I would like to convert characters with accents or similar to the corresponding ordinary character:
á
, à
, â
should become "a"
é
, ê
should be e
Ç
to C
It could be done by concatenating a million .replace(...)
calls, but I'm looking for a more elegant solution. The difficulty is to find out which ordinary character belongs to which extended character. I can easily see that an á
is an extension of an a
. But how do I automate this step?
Why I want to do this:
I have an interface between two applications. Application One provides data that contains said accents. Application Two can only work with data that matches [a-zA-Z]
.
You can use the library latinize, installable through:
npm install latinize
Since you are using typescript, you also can get its typing:
npm install @types/latinize
Usage:
var latinize = require('latinize');
latinize('ỆᶍǍᶆṔƚÉ áéíóúýčďěňřšťžů'); // => 'ExAmPlE aeiouycdenrstzu'
Internally, it replaces each character that is not a latin char or an arabic number through a regex and a callback function.
function latinize(str) {
if (typeof str === 'string') {
return str.replace(/[^A-Za-z0-9]/g, function(x) {
return latinize.characters[x] || x;
});
} else {
return str;
}
}
and it finds the target character via the help of a predefined character lookup table.
In the end, this solution is also a search and replace approach. I know you want to automate the discovery of the characters, yet the font system doesn't work that way.
The computer and hence JavaScript is unaware of the design and the meaning of a character. Instead, a character is nothing but a random number we use to identify a symbol. And that system is quite arbitrary and there is not much of an internal consistency.

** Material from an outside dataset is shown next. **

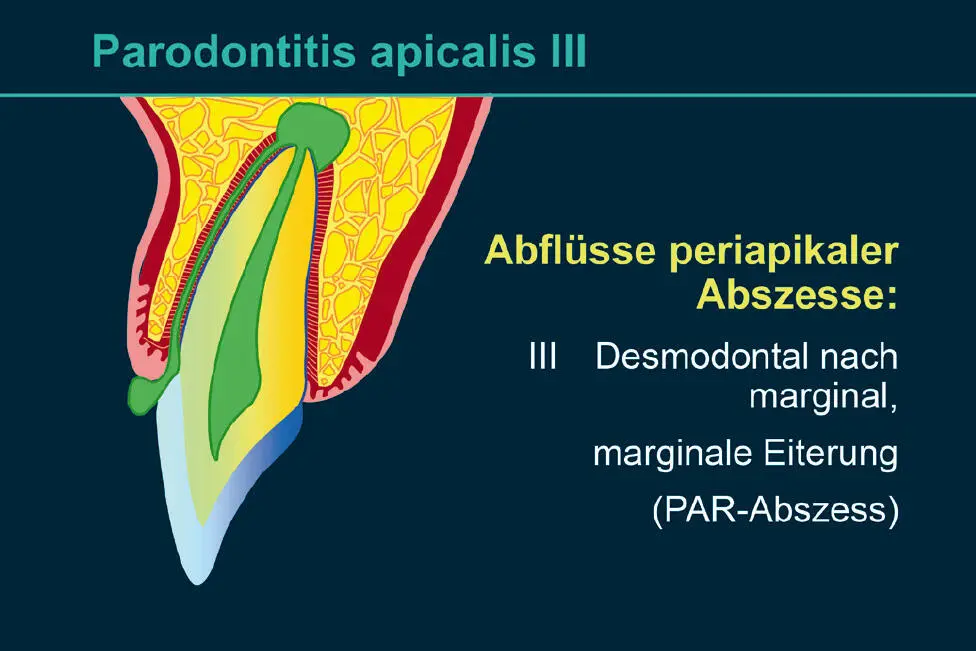 Abb 5 Parodontitis periapicalis mit desmodontaler Fistelung nach marginal - фото 63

So even though you know that â
should relate to a
by its design, the computer only knows that in UTF8 it has a digit U+00E2
. You want it to be U+0061
though.
Yet there is no connection just from knowing the number. You would have to compare the symbol and that's hardly possible, esp. if you get down to very similar looking symbols, e.g. Α U+0391
to A U+0041
.
There is no way to compute meaning. You'll have to map an extended character to its Latin counterpart yourself (or via the help of a library).